Tokenizing
Two friends have recently asked me to provide a definition for the term "Tokenize" as in: "I'm going to tokenize this chunk of text.", and I didn't really provide an answer. I guess that they asked me because it's a term that I've used quite a bit in the past - and in the future too no doubt ;-)
Merriam Webster provides several definitions for the term "Token", a couple of which are:
a distinguishing feature : CHARACTERISTIC a small part representing the whole :
For the record, now that I've had time to give it some thought, I'd like to give an example of what I mean when I use it...
Imagine that you've been assigned the task of building a service that would provide a word-wrap functionality to applications. Applications could supply a body of text and a LineLength property to the service and it would return the original chunk of text with lines formatted to "no longer than" the LineLength limit. Additionally, subscribers to this service would be afforded the option of toggling between word-wrap states via the Wrapped, UnWrapped values of the WrapMode enumerated datatype.
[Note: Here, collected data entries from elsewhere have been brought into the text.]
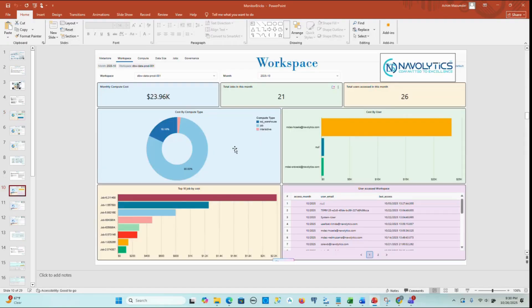helping administrators and FinOps teams understand who is spending, how much, and on what within that specific workspace.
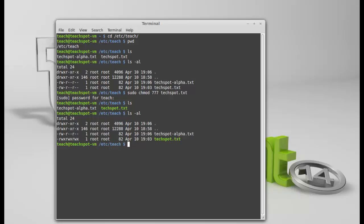Okay so ls now this file should be a different color. Okay it's TechSpot.txt there we go it's executable so it's got ls -al again there we go. As you can see no D of course because it's not a directory it says rwx rwx rwx for everybody. Okay so what if I want to change that?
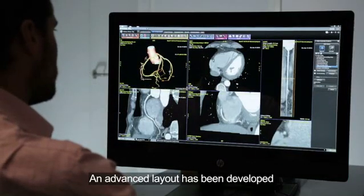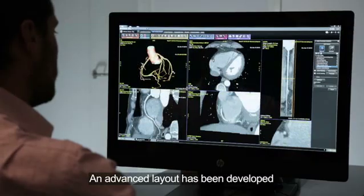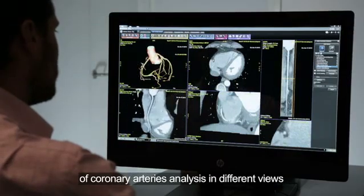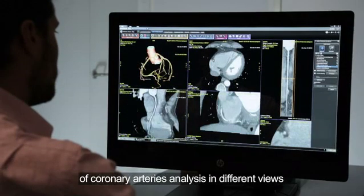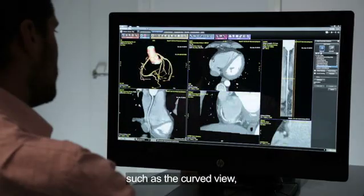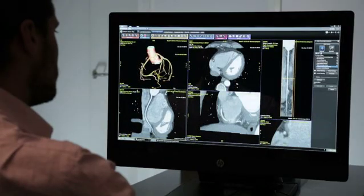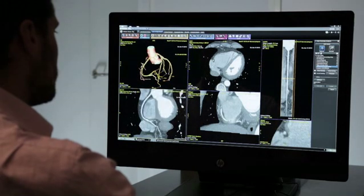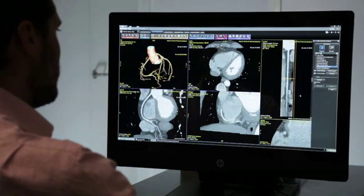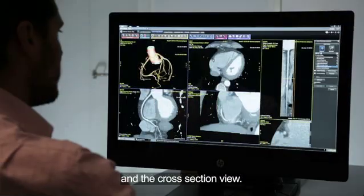An advanced layout has been developed for optimal segmentation and coronary artery analysis in different views, such as the curved view, the lumen view, and the cross-section view.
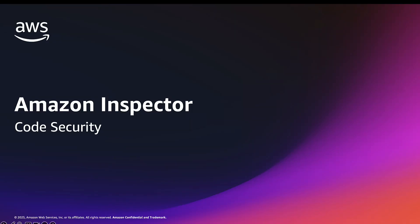Hi, and welcome to this overview and demo of the new Amazon Inspector features for code security. In this video, I'll be taking you through this latest capability that lets you scan your code directly from your code repositories.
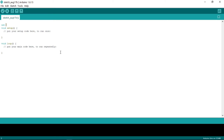For the list, we declare: int LANE1[] equals, then in parentheses we put the pin numbers. Pins 13, 12, and 11 belong to lane one. So we put: 13, comma, 12, comma, 11, then close the parenthesis and don't forget your semicolon.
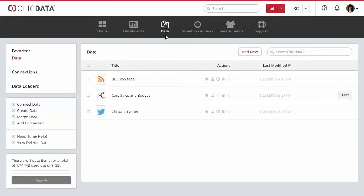ClickData allows you to import any Excel, text, or CSV file that you have in your Dropbox folder. If you wish to connect a file from your Dropbox, access the Data tab.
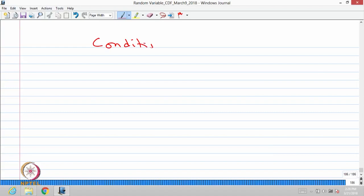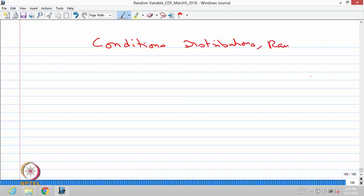In this lecture we are going to discuss conditional distributions, followed by random sums. These are the two topics we are going to discuss in this lecture. Let us start with conditional distributions.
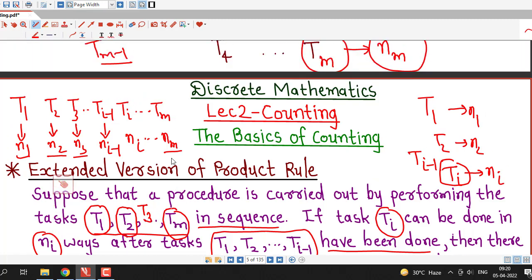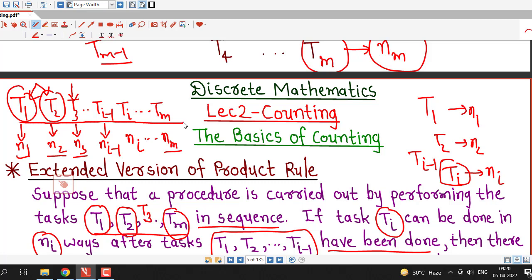To apply this product rule, we must have a procedure that can be done in a sequence of subsequent tasks — first T1, then T2 after T1 is done, then T3 after T1 and T2 are done, and so on. All these tasks are necessary to carry out the procedure. In those types of situations, we apply this extended version of the product rule.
To convert raw text into formatted "wrapped" text, you decide to apply an algorithm similar to the one shown here http://www.namesuppressed.com/syneryder/code-phpwordwrap.shtml; that is:
- Find all paragraphs - For Each paragraph - Remove linebreaks - Split on spaces - Enumerate the words and append them to a string - When the length of the string reaches the LineLength limit insert a linebreak
Given the following chunk of raw text:
This is a paragraph of text. This is a yet another paragraph of boring old text.
A LineLength of 18 would see it formatted as:
This is a paragraph of text. This is a yet another paragraph of boring old text.
To return the text in it's original, raw format, you might store 2 versions of the data in private fields and, depending on which version is requested, simply return it from that location. That is, after the initial "formatting", you'd write the formatted version to a private field and you would have already stored the raw value in another field, i.e.:
Private mstrRawValue As String Private mstrFormattedValue As String Private mCurrentState As WrapMode Public Function GetText() As String If Me.mCurrentState = WrapMode.Wrapped Then If mstrFormattedValue.Length = 0 Then FormatRawText() End If Return mstrFormattedValue Else Return mstrRawValue End If End Function
That's probably fine, even though the amount of memory required is approximately double size of the raw string alone, but you might find it difficult to scale if the client asks for another one, or two, or twenty-two different WrapMode states or if they request that they'd like you to provide an "offline" version of the formatted text!
In situations such as the one mentioned above, if I think that there's a chance that I might need to more than one operation on a string I'll often "tokenize" it after the first pass. When I say tokenize, what I'm referring to is that I leave small, descriptive "marks" in the text that can be read at a later date to describe a given state. To show what I'm referring to, here's the algorithm above, amended for "tokenizing":
- Find all paragraphs - For Each paragraph - Split on linebreaks and wrap with "<raw>...</raw>" tokens - Split on spaces - Enumerate the words and append them to a string - When the length of the string reaches the LineLength limit insert a linebreak and wrap with "<formatted>...</formatted>" tokens
And, again, given the following chunk of raw text:
This is a paragraph of text. This is a yet another paragraph of boring old text.
A LineLength of 18 would see it formatted as:
<raw><formatted>This is a</formatted>
<formatted>paragraph of text.</formatted></raw>
<raw><formatted>This is a yet</formatted>
<formatted>another</raw></raw> <raw>paragraph</formatted>
<formatted>of boring</raw> <raw>old</formatted>
<formatted>text.</raw></formatted>
This allows the amount of memory required to store the data to be roughly halved as the document is now self-describing of its states. The algorithm for returning text is like so:
Private mstrStoredValue As String Private mblnIsMarked As Boolean = False Private mCurrentState As WrapMode Public Function GetText() As String Dim tmpStrng As String If Not mblnIsMarked Then FormatRawText() End If If Me.mCurrentState = WrapMode.Wrapped Then tmpStrng = RegexReplace(mstrStoredValue,"(\<formatted\>|\<\/?raw\>)", "") Return Regex.Replace(tmpStrng, "<\/formatted\>",Environment.NewLine) Else tmpStrng = RegexReplace(mstrStoredValue,"(\<raw>|\<\/?formatted\>)", "") Return Regex.Replace(tmpStrng, "\<\/raw\>",Environment.NewLine) End If End Function
Either way, because the document is now "described" via the tokenizing process, the presentation of the data can now be separated from the logic required for the formatting of it.
Well, that pretty much covers the "Darren" interpretation of Tokenizing. I should add however, that, anyone with compiler or interpreter experience will probably have a different interpretation where the term is generally used to refer to the "substitution" of text rather than marking, or adding to text.